Oil.....
MCX Crude oil backed off from their intraday highs as a frail outing
for European equities took toll on the prices in global markets. WTI
Crude topped a two-week high mark near $94 per barrel yesterday as
worries Syria might possibly use chemical weapons stirred the market and
pushed the commodity up for a second day. Prices stayed supported in
Asia today but flipped back later and currently trade at $93.24, down 40
cent per barrel on the day.
Euro remained under stress.

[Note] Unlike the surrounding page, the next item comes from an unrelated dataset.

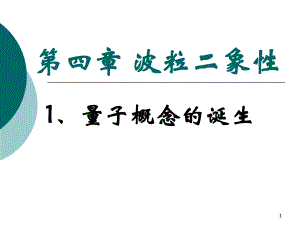 量子概念的诞生PPT课件(同名316).ppt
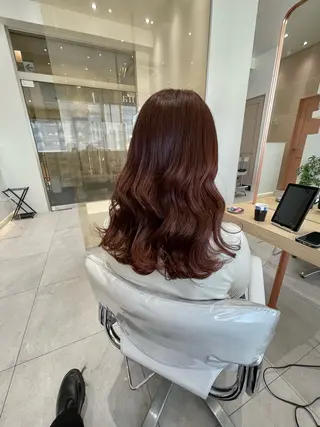 ミディアム カラー 艶カラー特化💎 梅村晋平のヘアスタイル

The
Spanish unemployment rate jumped to a new record of 27.16% in the first
quarter of 2013 as the number of unemployed persons increases by 237,400
persons to 6,202,700. Spain's Institute of National Statistics said
that the number of employed persons decreased by 322,300 persons in the
first quarter of 2013, to 16,634,700. In the last 12 months, employment
has dropped by 798,500 persons, (490,200 men and 308,300 women).
While
this highlighted the sorry state of affairs in peripheral economies in
the region, the broader worries about the futures of Euro also remained
in focus and pulled the stocks in red today. Media reports noted that
Bundesbank President Jens Weidmann sent a confidential statement to the
German constitutional court criticizing the European Central Bank's
outright monetary transactions.
The US GDP data is due later on
in the day and oil could witness a further moderation ahead of the key
release. MCX Crude oil futures tested highs of Rs 5074 per barrel and
eased in the afternoon. The counter quotes at Rs 5064, up Rs 5 per
barrel on the day with a massive 30% increase in the open interest as
investors eyed the break above the key Rs 5000 per barrel level.